Intenté abrir la boca, se me había ocurrido algo genial para decir, pero mi garganta se sentía como un cenicero cargado de colillas y restos de cenizas. Señaló mi boca con la mano y veo el catéter que tenía incrustado en mi brazo derecho. Entonces, apareció mi madre con un vaso y una bombilla. Anaís estaba perfecta, como de costumbre. Su cabello dorado casi parecía pintado, aunque esta vez no había maquillaje en su rostro, también se la veía cansada y triste.

―Bebe ― susurró con una sonrisa.

Lo hice con un poco de dificultad.

―Te ves horrible…― dije volviendo a mirar a mi hermana, cuando hidraté mi garganta, aunque mi voz seguía sonando de ultratumba.

Sarah levantó las comisuras de sus labios, no sin antes poner los ojos en blanco, y sujetar mi mano. Me extraño que no se enojara, que no gritara o me respondiera. Nuestra relación no era la mejor, éramos hermanas, pero no nos caracterizábamos por ser unidas o cariñosas. Nuestra relación se basaba en que yo la molestara y que ella se quejara por no tener una hermana un poco más normal.
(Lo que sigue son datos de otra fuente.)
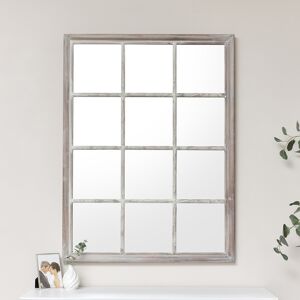 Large Rustic Wooden Window Wall Mirror 120cm x 90cm Material: wood, glass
―¿Qué pasó? ― pregunté intentando incorporarme en la cama producto de la repentina incomodidad, pero un dolor insoportable en el brazo y en la pierna me paralizó provocando que emitiera un alarido intenso.

―¡Quieta! ― Sarah empujó suavemente mi hombro haciendo que me recostara.

―¿Qué es?

 Intenté quitarme las sábanas con el brazo que no me dolía, pero ella me detuvo.
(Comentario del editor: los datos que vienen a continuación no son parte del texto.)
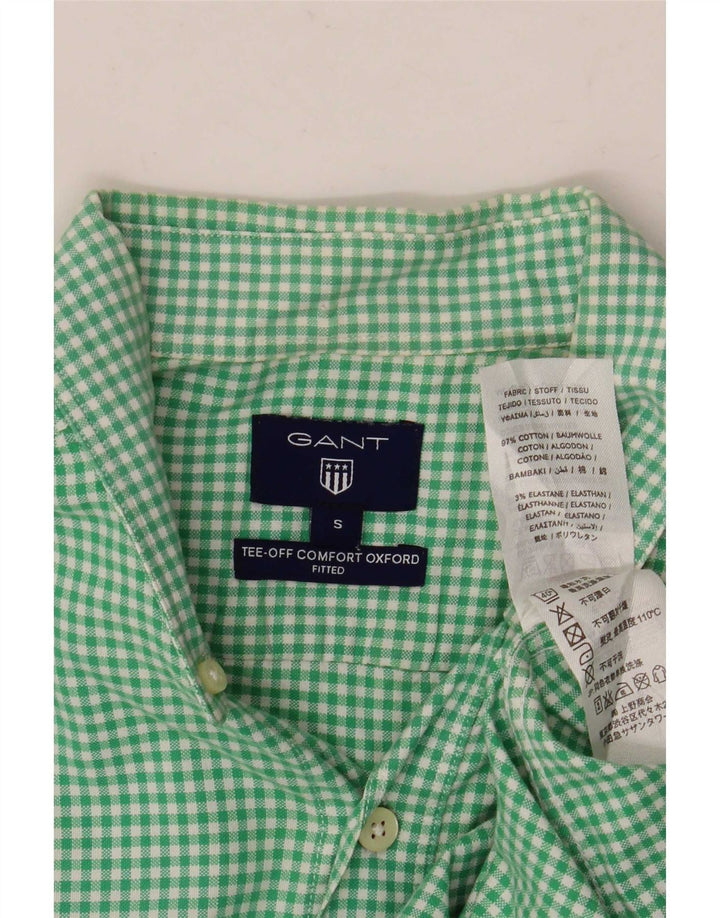 Cămașă Gant pentru bărbați, bumbac cu carouri mici, verde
―Iré por un médico ―. Indicó mi madre saliendo disparada del cuarto.

―Quiero ver ― dije ―. ¿Qué pasó?

De pronto me daba cuenta que nada en esa situación era normal ¿Por qué estaba en el hospital? ¿Por qué estaban ellas ahí conmigo?
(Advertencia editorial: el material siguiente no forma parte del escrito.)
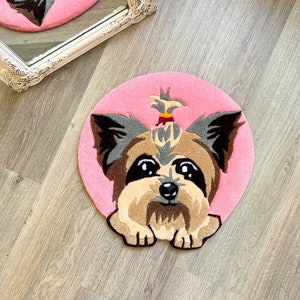Cute Dog Rug, Custom Pet Rug, Custom Dog Cat Portrait Rug, Cute Pet Rug, Pink Dog Rug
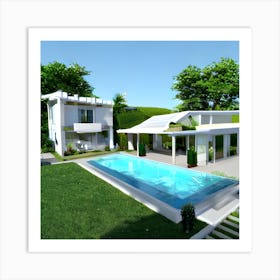 Modern House With Swimming Pool 1 Art Print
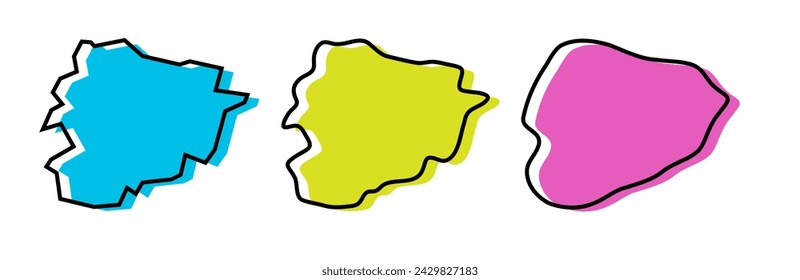 Andorra country black outline and colored country silhouettes in three different levels of smoothness. Simplified maps. Vector icons isolated on white background.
―Ten un poco de paciencia ― dijo justo antes de que entraran un grupo de médicos y enfermeras.

En primera instancia hicieron salir a mi hermana, pero le pidieron a mi madre que se quedara. Sus preguntas eran difíciles de responder, no solo porque empezaba a ser consciente de la enorme laguna mental que tenía sino, porque era difícil responder cuando un tipo pasaba una luz por mis ojos, movía mi cuello y revisaba mi cabeza.

―¿Cuál es tu último recuerdo? ― preguntó el doctor que había estado revisándome.

Pensé, pero no tenía nada muy claro. Hasta que, poco a poco, algunas piezas se fueron acomodando.

―Estábamos en casa de Mike ―. El doctor asintió, como si conociera a Mike, colocando ambas manos en sus bolsillos ―. Llegó Bea, ella estaba super asustada ―, hice silencio, recordando el motivo del susto y decidí callarlo ―. No recuerdo más nada, salvo un accidente ―. Eso era verdad, sabía que habíamos tenido el accidente, sabía que Ethan había tenido algo que ver, pero no sabía que podía decir y que no.

―Tranquila, no te esfuerces ― indicó otro médico que tomaba notas.

―Necesito continuar revisando tus heridas. ― El doctor que me revisaba señaló las sábanas y yo asentí.